I would also inquire with your daughter why she feels called to explore naturism at this time and what she hopes to get out of the experience. Is it something she and her friends have discussed and there is general interest among her peers? Uncovering the intent for her interest could be helpful for you both. I have an 18 and over policy at my events but certain naturists spaces are family friendly and hold an all inclusive feel. I have taught yoga and facilitated naked church at several of these spaces. A wide range of ages were present and that felt very healing to witness and experience as someone who did not grow up in a naturist environment. At this transitional age of your daughter being a teenager, I would also wonder of your personal boundaries. Are you comfortable with experiencing your daughter in a naturist environment and is your girlfriend comfortable with that as well as I assume she would accompany the two of you. Bridging this environment at such a transitional age and time could be awkward for everyone but that doesn’t mean not to have the conversation about it.

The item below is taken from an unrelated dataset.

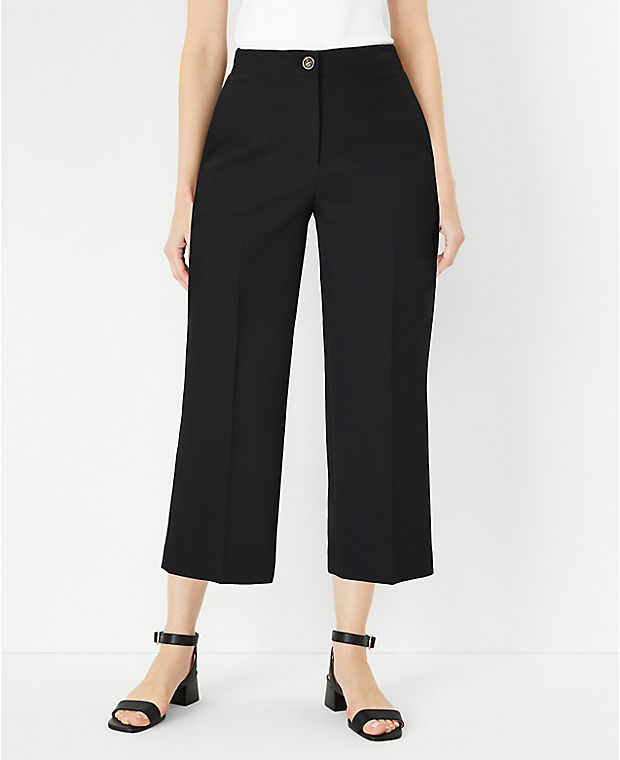 The High Rise Kate Wide Leg Crop Pant in Texture - Curvy Fit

I will also address the elephant in the room too which is that you are a man and this is doubly as challenging for you because it is deemed more psychologically and socially safe for a mother to escort a daughter to a naturist resort than a father. If I were a father, I would either wait until my daughter was eighteen years old allowing her to make her own choices, or ask a trusted female friend who was a naturist to speak with my daughter about naturism and offer to serve as an escort to a family friendly resort. The role of father is the daughter’s protector and transitioning into a naturist lifestyle as a teen comes with too many potentially volatile situations that I myself would not feel capable of handling. I would need to honor my own boundaries as a father and say I wasn’t comfortable with that but support my daughter’s desire to explore naturism when she turns of age.
I would thank my daughter for expressing interest and perhaps speak to her briefly about the healing I had found in the practice of naturism and ask her if she had any questions for me around it.